INPUT DATA:

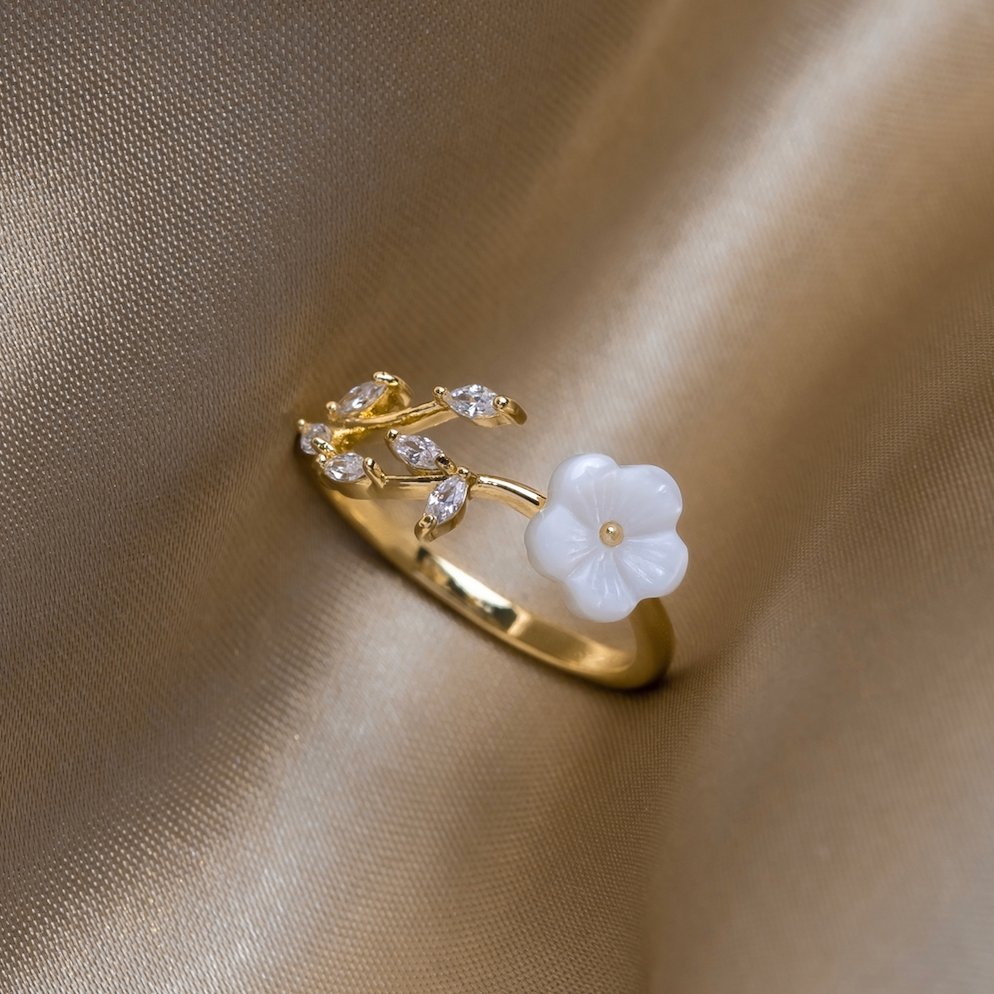 Marivie Blossom Detail Ring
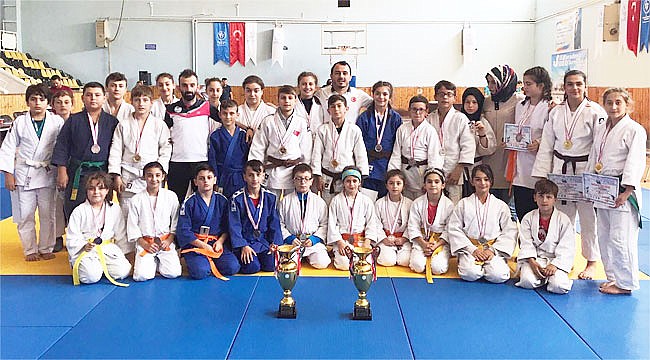 Rizeli  Judoculardan madalya yağmuru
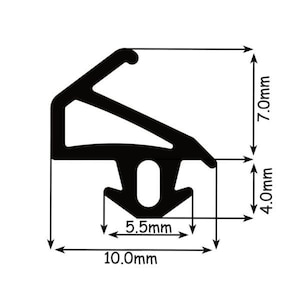 Puede incluir: Junta de goma negra con las siguientes dimensiones: 10,0 mm x 5,5 mm x 7,0 mm x 4,0 mm.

YOUR OBJECTIVE: Copy word for word every line from the one holding "Judoculardan madalya yağmuru" to the end of the listing, both ends included, but do not copy any pictures.

RESULT FOR THIS EXERCISE:
 Rizeli  Judoculardan madalya yağmuru
 Puede incluir: Junta de goma negra con las siguientes dimensiones: 10,0 mm x 5,5 mm x 7,0 mm x 4,0 mm.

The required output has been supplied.